Ensemble Modern interpretiert Frankfurter Glockenkonzert zu Pfingsten neu
Wenn am Pfingstsamstag die Glocken der Frankfurter Innenstadtkirchen erklingen, wird das traditionsreiche Stadtgeläute erstmals in einer neuen künstlerischen Fassung zu hören sein. Unter dem Titel „supra urbem“ – „über der Stadt“ – haben Hermann Kretzschmar und Rainer Römer vom Ensemble Modern das akustische Ereignis neu gestaltet. Die Uraufführung findet am 7. Juni von 16.30 bis 17 Uhr statt und lädt dazu ein, die vertrauten Glockenklänge in einer bislang ungewohnten Struktur zu erleben.

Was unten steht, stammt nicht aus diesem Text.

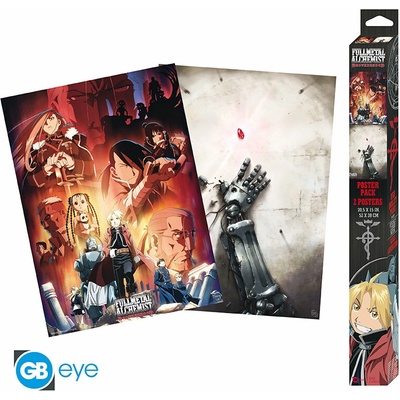 FULLMETAL ALCHEMIST - Set 2 Posters Chibi 52x38 - Series 1, GBYDCO317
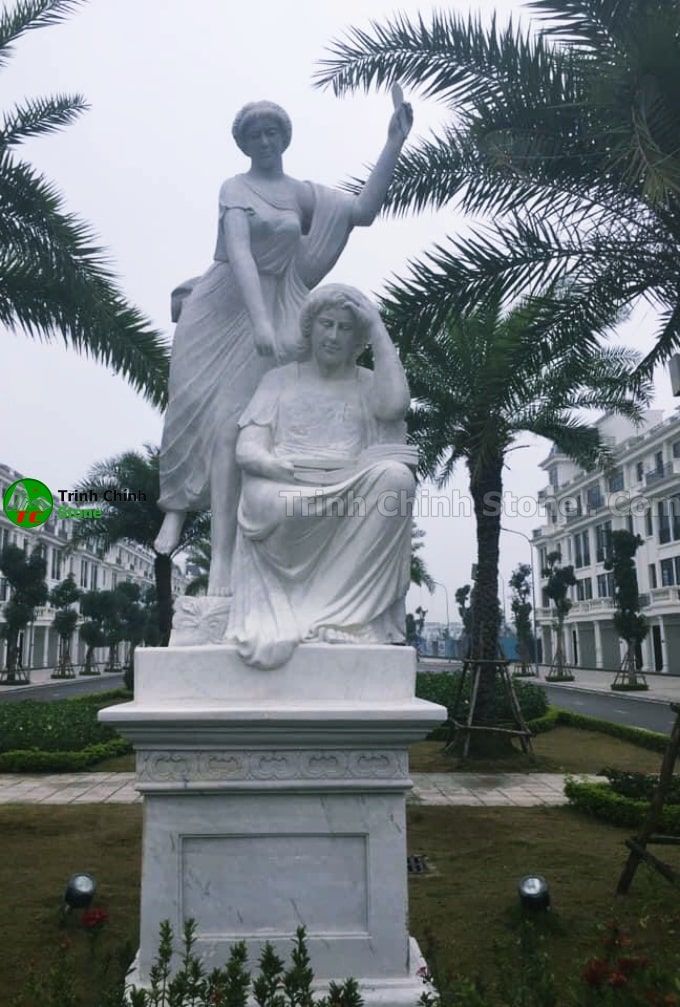 Tượng thần tình yêu bằng đá - Tượng 12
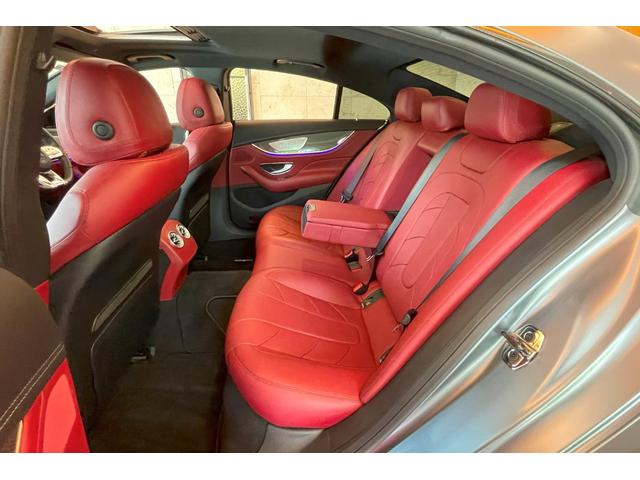 ＣＬＳクラス ＣＬＳ５３　４マチック＋　受注生産色　ガラスＳＲ　トランクスポイラー　ＡＭＧスポーツステアリング　ツインルーバーグリル　２０インチＡＭＧアルミ　デュアルツインエグゾーストパイプ　ＡＭＧスタイリングＰＫＧ　レーダーセーフティ（39枚目）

Das Große Stadtgeläute ertönt nur viermal im Jahr – an den Samstagen vor Ostern, Pfingsten, dem ersten Advent und an Heiligabend. Es vereint die Glocken von zehn Kirchen in der Innenstadt zu einem gemeinsamen Klangereignis im öffentlichen Raum. In der neuen Fassung werden die Glocken zunächst einzeln vorgestellt – von den höchsten bis zu den tiefsten Tönen. So wird ihre jeweilige klangliche Eigenart erfahrbar, ehe sie sich nach etwa einer Viertelstunde zum vertrauten Gesamtklang verbinden.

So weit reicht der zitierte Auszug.